We went on along the track for a couple of miles and camped on the sheltered side of a round tussock hill, in a hole where there had been a landslip. We used all our candle-ends to get a fire alight, but once we got it started we knocked the wet bark off ‘manuka’ sticks and logs and piled them on, and soon had a roaring fire. When the ground got a little drier we rigged a bit of shelter from the showers with some sticks and the oil-cloth swag-covers; then we made some coffee and got through the night pretty comfortably. In the morning Dave said, ‘I’m going back to that house.’
‘What for?’ I said.
‘I’m going to find out what’s the matter with that crimson door. If I don’t I’ll never be able to sleep easy within a mile of a door so long as I live.’

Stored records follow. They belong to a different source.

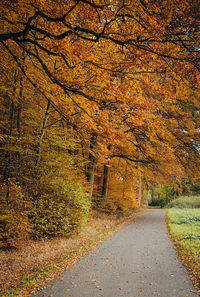 Road amidst trees during autumn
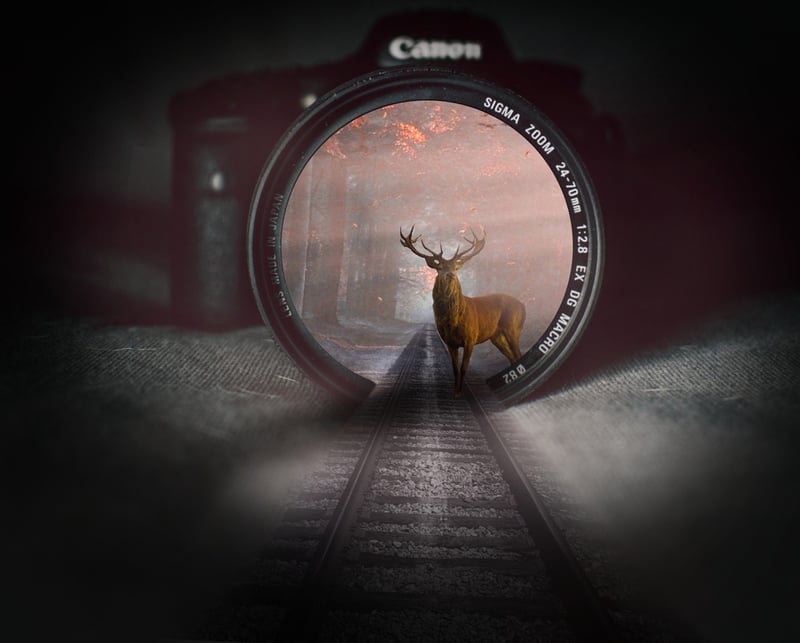 Magical Dimensions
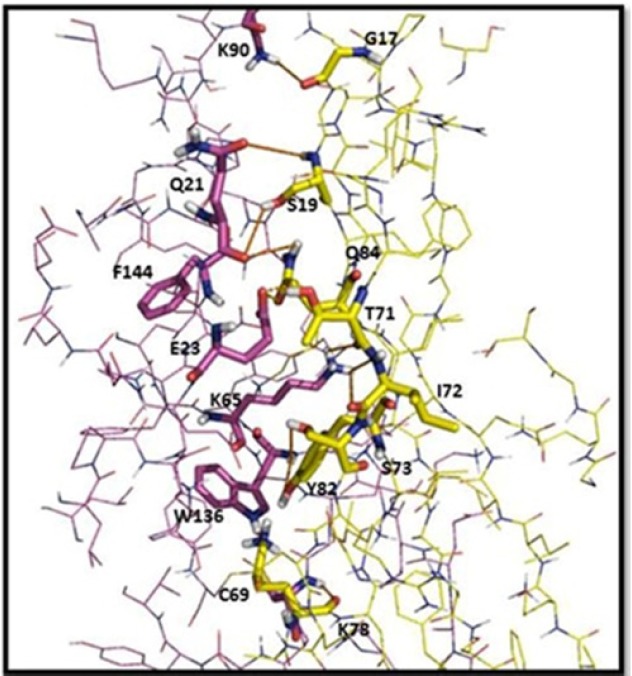 Intermolecular interaction analyses of the scFv (yellow) with TNF-α (purple). Amino acid residues involved in the interactions with the scFv are labeled, and the hydrogen bonds are shown as red lines. The distances shown are in Å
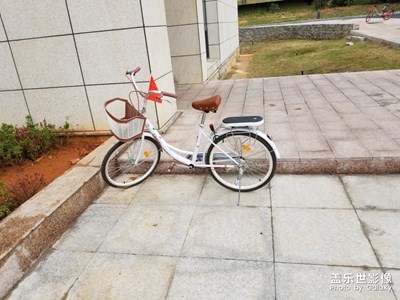 随行
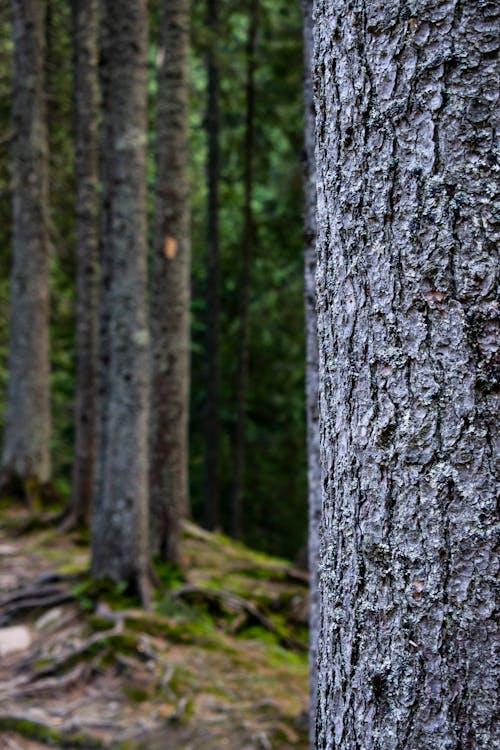 Closeup of cracked textured bark of tall pine tree trunk in lush green forest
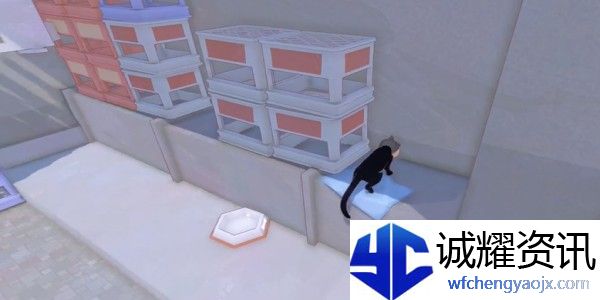 小猫咪大城市饭团帽怎么收集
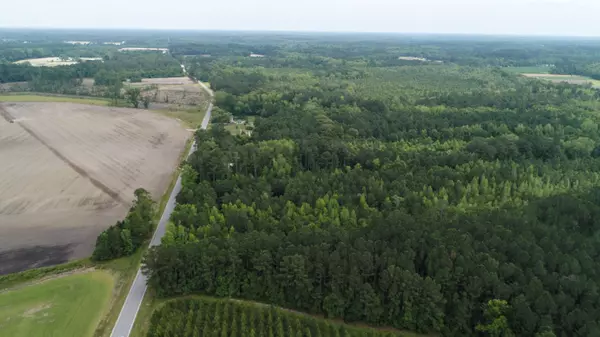 Estill, SC 29918,Tbd Browning Gate Rd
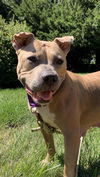 Roxy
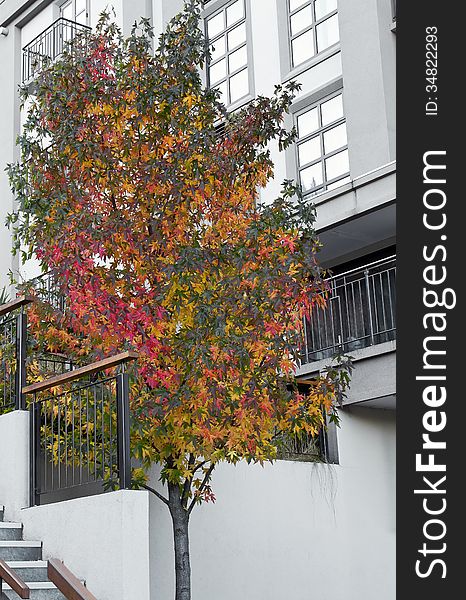 Colorful autumn maple tree against modern office building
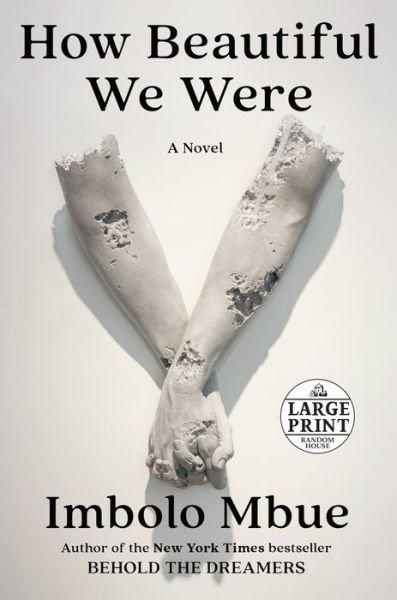 Cover for Imbolo Mbue · How Beautiful We Were: A Novel (Pocketbok) (2021)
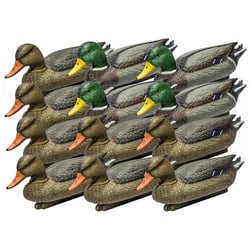 Outdoor Outfitters Mallard Family Duck Decoys 16" 12 Pack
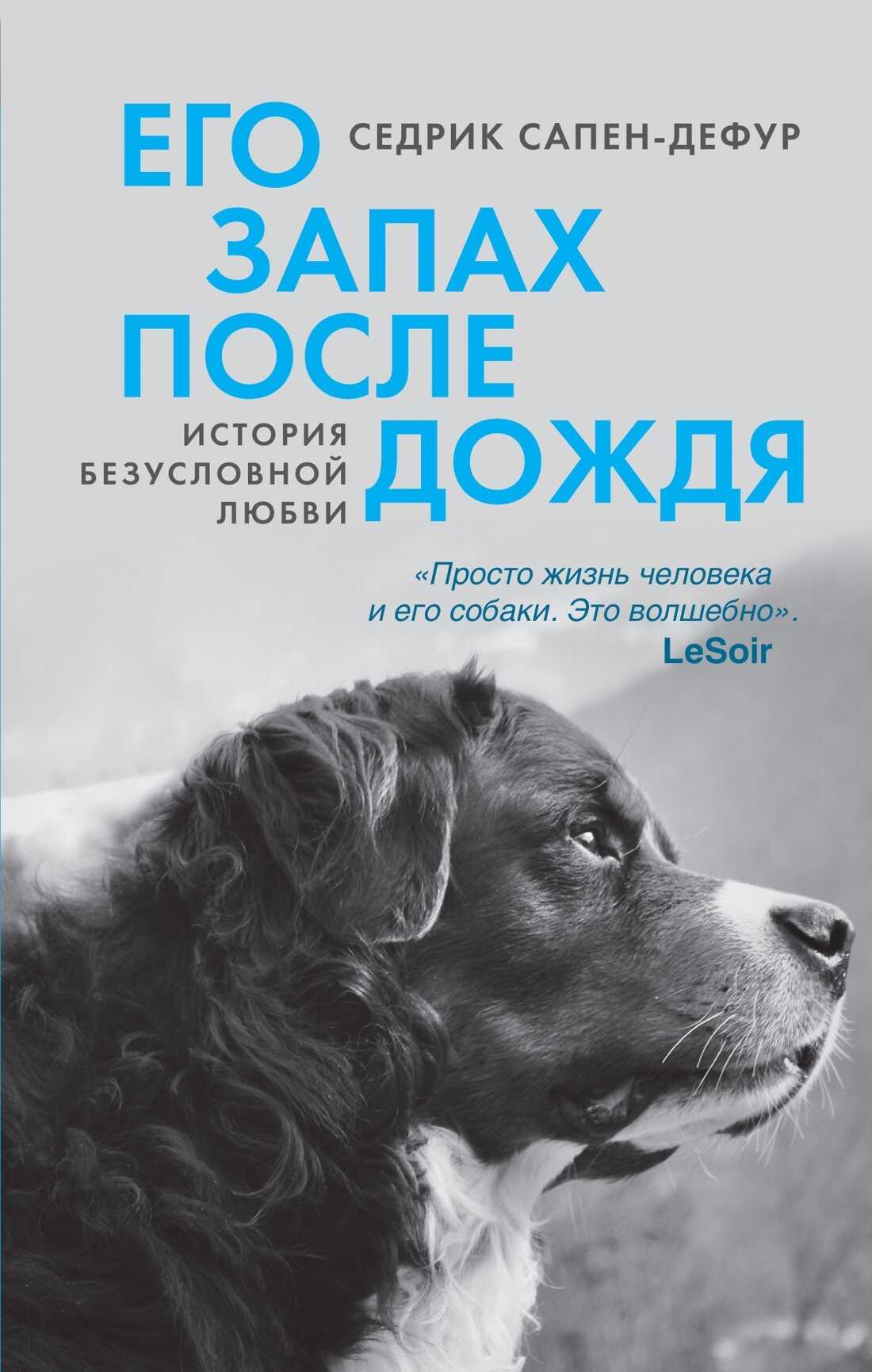 Онлайн книга - Его запах после дождя - Седрик Сапен-Дефур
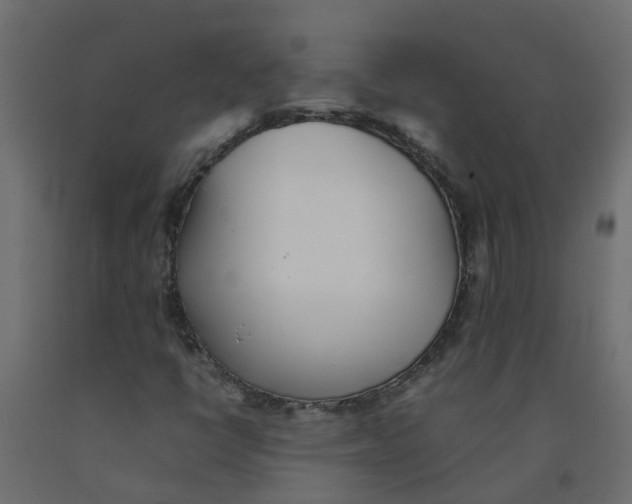 X0000092101398200710101112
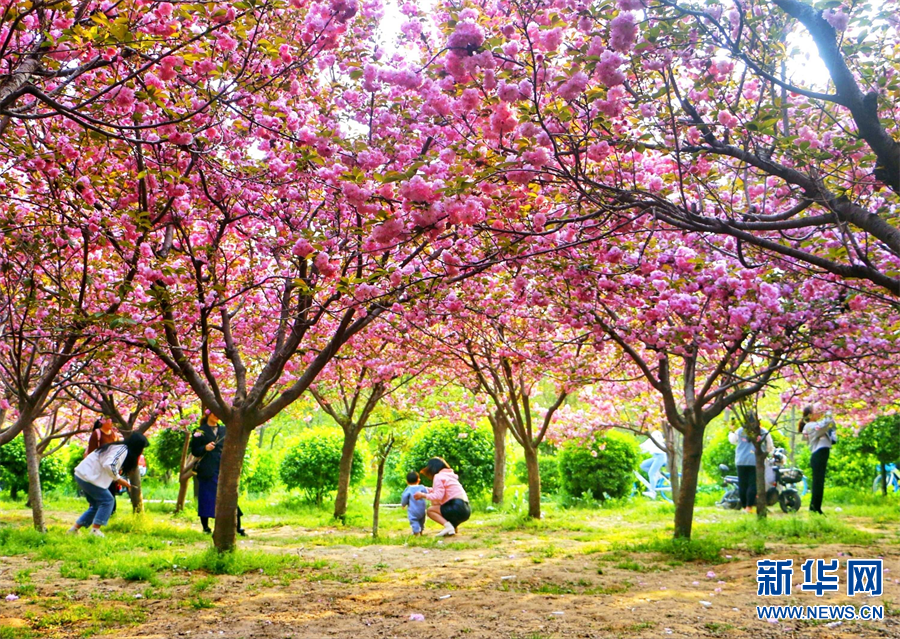 商丘柘城：小城三月春意濃 花紅柳綠醉遊人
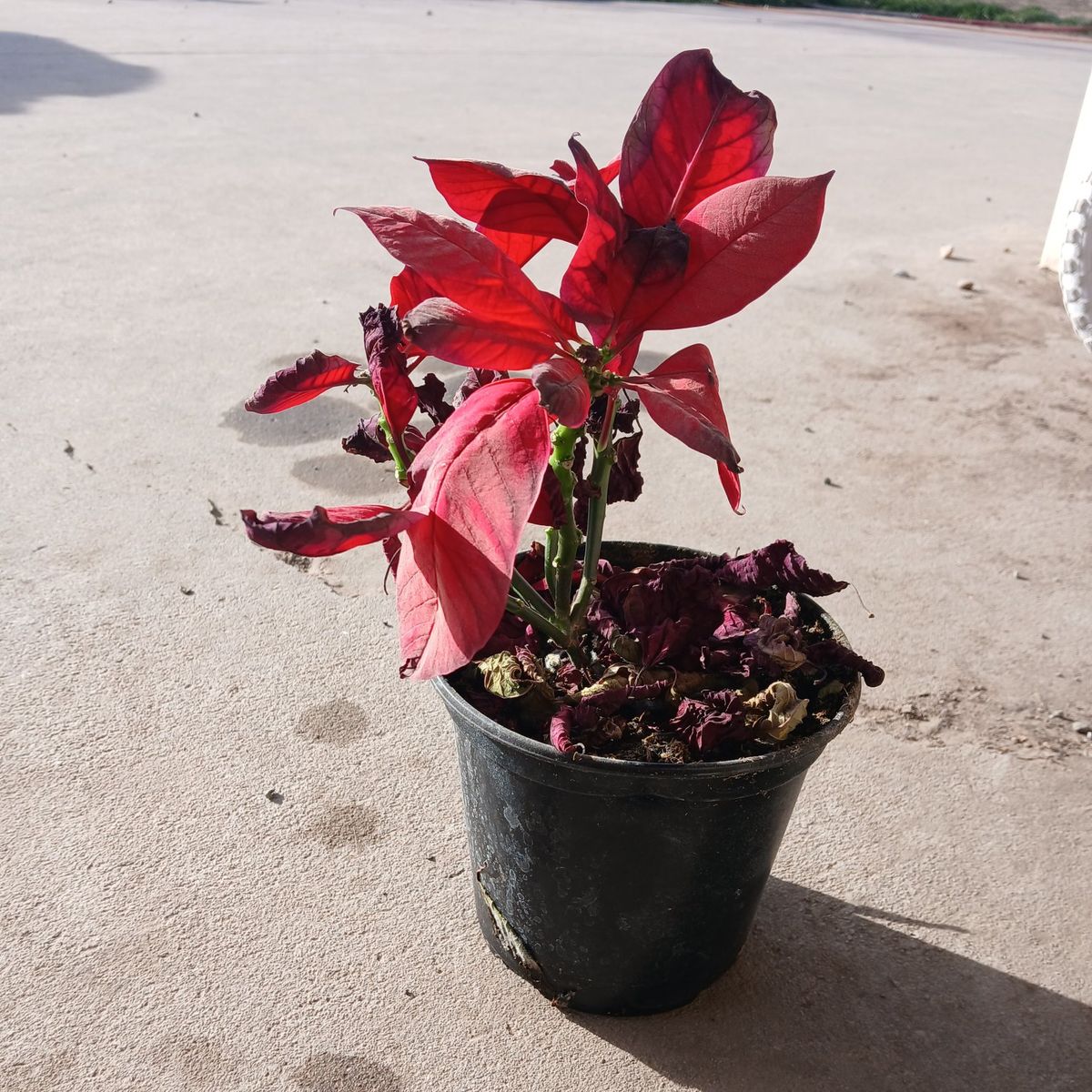 Free Poinsettia Plant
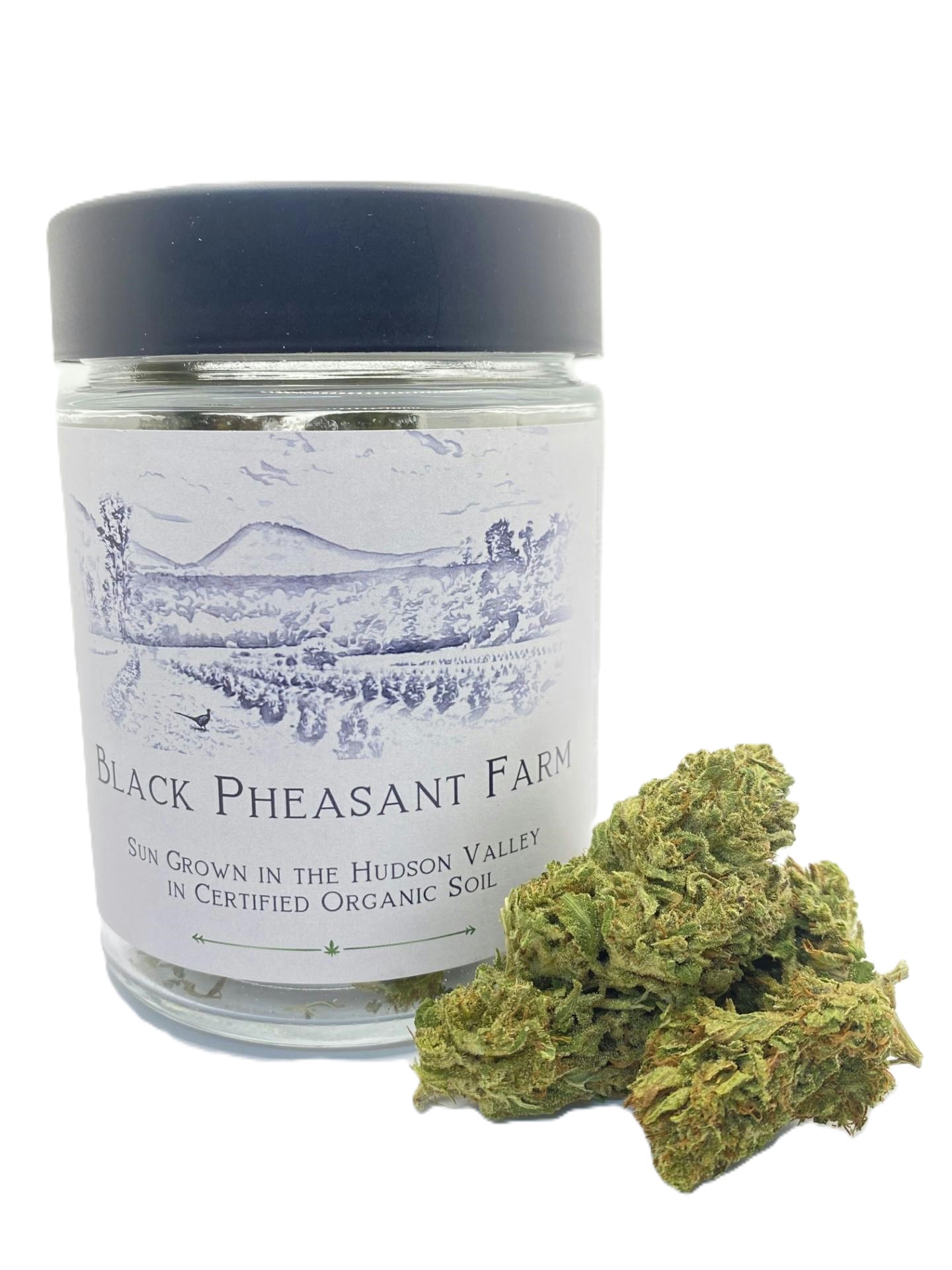 Chiesel x Burnham Redeye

So we went back. It was still blowing. The thing was simple enough by daylight—after a little watching and experimenting. The house was built of odds and ends and badly fitted. It ‘gave’ in the wind in almost any direction—not much, not more than an inch or so, but just enough to throw the door-frame out of plumb and out of square in such a way as to bring the latch and bolt of the lock clear of the catch (the door-frame was of scraps joined). Then the door swung open according to the hang of it; and when the gust was over the house gave back, and the door swung to—the frame easing just a little in another direction. I suppose it would take Edison to invent a thing like that, that came about by accident. The different strengths and directions of the gusts of wind must have accounted for the variations of the door’s movements—and maybe the draught of our big fire had helped.
Dave scratched his head a good bit.
‘I never lived in a house yet,’ he said, as we came away—‘I never lived in a house yet without there was something wrong with it. Gimme a good tent.’